For the sake of clarity, Rubem Braga is cited because it was upon his invitation that Clarice started writing a column for Comício. If Clarice were not an author of crônicas it would not be Rubem Braga, a renowned author in the genre, whom Clarice herself called the “inventor of the crônica,” who would recognize in the author of important novels of Brazilian literature an excellent writer of crônicas.

VI.

In 1953, the possibility arose for Clarice to sign a new column for the magazine Manchete. She confesses to her friend Fernando Sabino just how uncomfortable this experience could be, as she would have the impression of being present in person, “probably stuttering from embarrassment.” She would probably be stuttering from embarrassment today if she knew that her biography is practically superimposed on her work.

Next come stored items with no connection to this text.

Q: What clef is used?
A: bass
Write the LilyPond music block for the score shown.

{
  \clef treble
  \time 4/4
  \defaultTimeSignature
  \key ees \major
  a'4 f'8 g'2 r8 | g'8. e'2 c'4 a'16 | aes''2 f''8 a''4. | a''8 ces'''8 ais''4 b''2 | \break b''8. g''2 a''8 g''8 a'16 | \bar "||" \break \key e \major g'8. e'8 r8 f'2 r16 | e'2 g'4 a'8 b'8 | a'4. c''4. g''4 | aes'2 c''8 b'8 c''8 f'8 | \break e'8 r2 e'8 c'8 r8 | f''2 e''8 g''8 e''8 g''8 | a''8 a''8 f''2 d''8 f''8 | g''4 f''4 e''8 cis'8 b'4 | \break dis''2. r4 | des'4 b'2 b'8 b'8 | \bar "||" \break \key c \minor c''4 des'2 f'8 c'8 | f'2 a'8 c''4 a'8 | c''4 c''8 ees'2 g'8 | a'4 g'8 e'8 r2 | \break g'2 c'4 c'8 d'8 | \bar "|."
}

Having seen all this, I find it pleasurable to observe in her a behavior for which the reliability of information does not always matter, in which reality and fantasy/biography and fiction intersect. Information on her origins, age, language, past: truth is a metaphor. It is all boundary, it is all a non-place. What Clarice Lispector published has to do with the “health of literature” that Gilles Deleuze refers to in “Literature and Life:” literature as an invention of a missing people; literature is not fables written with memories – unless they become the collective origin or destiny of these people.

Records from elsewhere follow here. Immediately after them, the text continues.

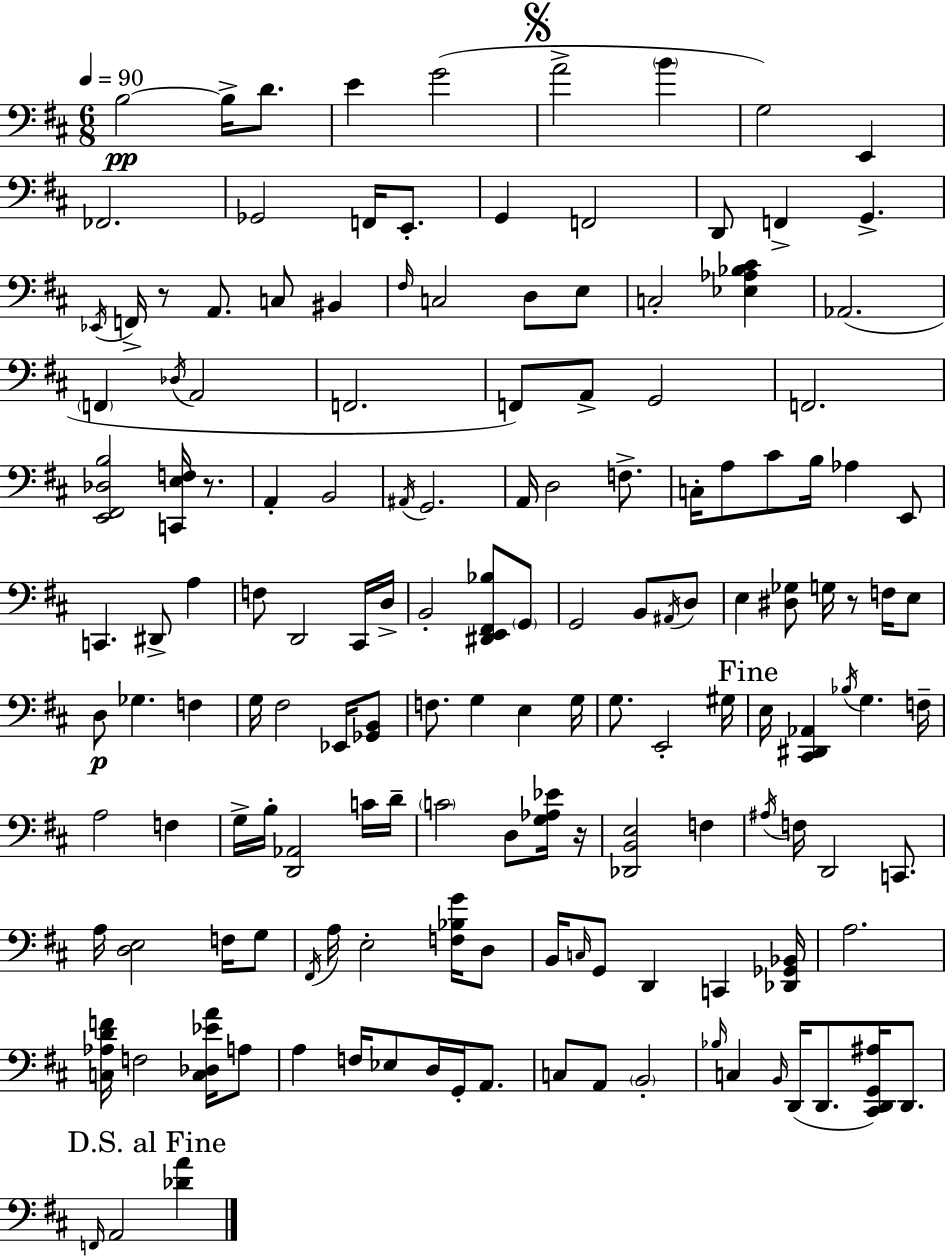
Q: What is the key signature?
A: D major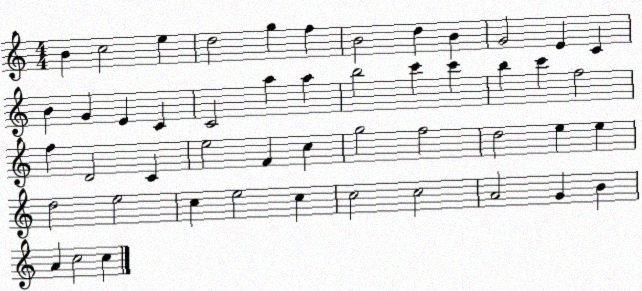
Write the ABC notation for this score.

X:1
T:Untitled
M:4/4
L:1/4
K:C
B c2 e d2 g f B2 d B G2 E C B G E C C2 a a b2 c' c' b c' f2 f D2 C e2 F c g2 f2 d2 e e d2 e2 c e2 c c2 c2 A2 G B A c2 c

In order to think about the modes of reading that can overinterpret literature and exceed the game of fiction it prescribes, I will conclude with the Minas Gerais native, Paulo Mendes Campos: “Whoever doesn’t know that literature is made up of words hasn’t arrived there yet.”

References:

BARTHES, Roland. Roland Barthes by Roland Barthes. Trans. R. Howard. London, McMillan, 1977.
DELEUZE, Gilles. Essays Critical and Clinical. Trans. Daniel W. Smith and Michael A. Greco. London, Verso, 1998.
INSTITUTO MOREIRA SALLES, Cadernos de Literatura Brasileira: Clarice Lispector, ns 17 e 18. São Paulo: IMS, 2004. LISPECTOR, Clarice. Outros escritos. Rio de Janeiro: Rocco, 2005.
MOSER, Benjamin. Clarice. São Paulo: Cosac Naify, 2009.
NIETZSCHE, Friederich. “On Truth and Lies in an Extra-Moral Sense,” 1873. Essay available at: https://oregonstate.edu/instruct/phl201/modules/Philosophers/Nietzsche/Truth_and_Lie_in_an_Extra-Moral_Sense.htm 
ROCHA, Evelyn, org. Clarice Lispector – Série Encontro. Rio de Janeiro: Azougue, 2011.
SOUSA, Carlos Mendes de. Clarice Lispector – Figuras da escrita. São Paulo: IMS, 2012.

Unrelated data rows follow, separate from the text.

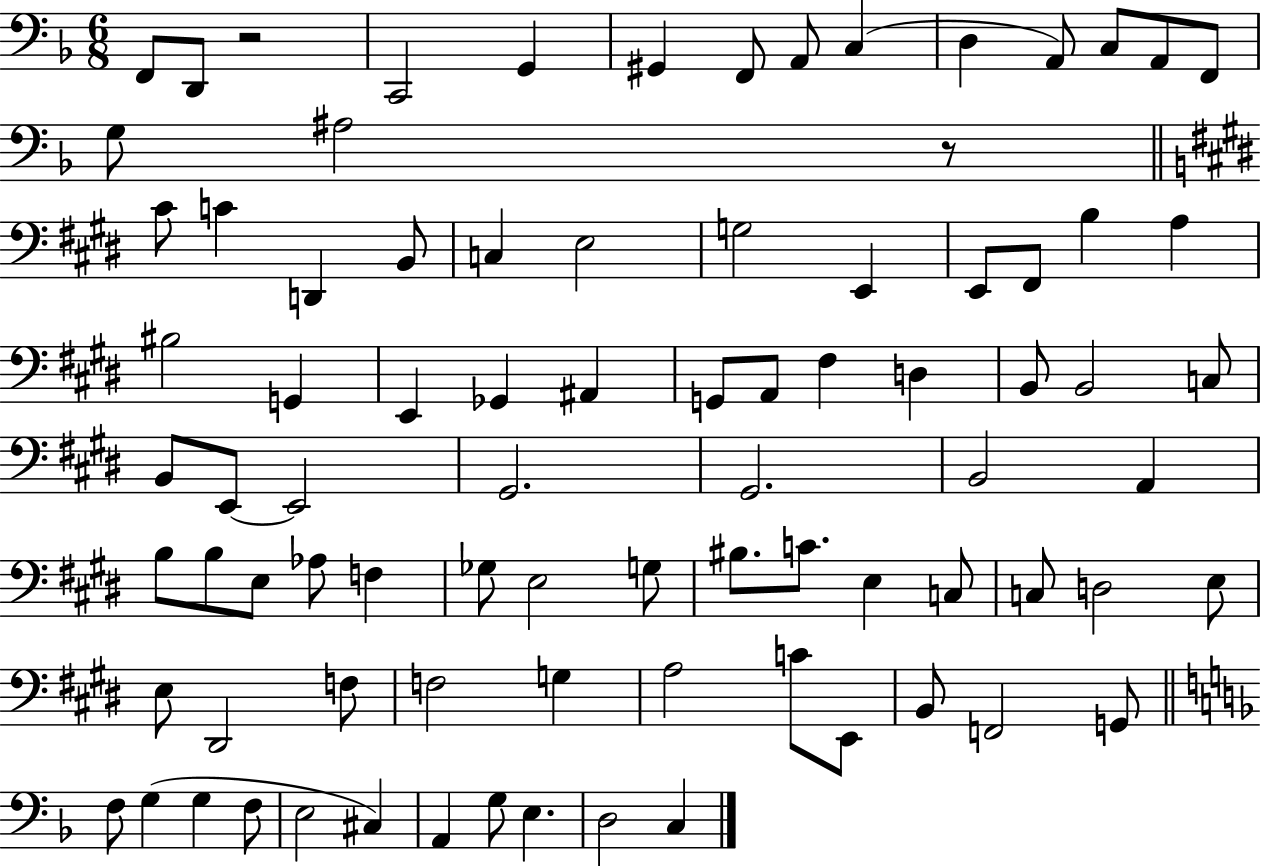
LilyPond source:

{
  \clef bass
  \numericTimeSignature
  \time 6/8
  \key f \major
  \repeat volta 2 { f,8 d,8 r2 | c,2 g,4 | gis,4 f,8 a,8 c4( | d4 a,8) c8 a,8 f,8 | \break g8 ais2 r8 | \bar "||" \break \key e \major cis'8 c'4 d,4 b,8 | c4 e2 | g2 e,4 | e,8 fis,8 b4 a4 | \break bis2 g,4 | e,4 ges,4 ais,4 | g,8 a,8 fis4 d4 | b,8 b,2 c8 | \break b,8 e,8~~ e,2 | gis,2. | gis,2. | b,2 a,4 | \break b8 b8 e8 aes8 f4 | ges8 e2 g8 | bis8. c'8. e4 c8 | c8 d2 e8 | \break e8 dis,2 f8 | f2 g4 | a2 c'8 e,8 | b,8 f,2 g,8 | \break \bar "||" \break \key f \major f8 g4( g4 f8 | e2 cis4) | a,4 g8 e4. | d2 c4 | \break } \bar "|."
}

1 In the months of February and March, 2012, the Moreira Salles Institute hosted the course “Clarice: An Apprenticeship,” with the participation of Benjamin Moser, Vilma Arêas, Carlos Mendes de Sousa, and Professor Nádia Battella Gotlib.
2 Recently, Globo Network made a series about Correio feminino (Women’s Mail) and, in an flawed manner (for the purposes of dissemination, perhaps?), they fell into the trap of mirroring Clarice as a writer and a woman, once again crossing the line between the individual and the author, attaching biography to literary work; in the case of the crônicas, attaching biography to the work performed.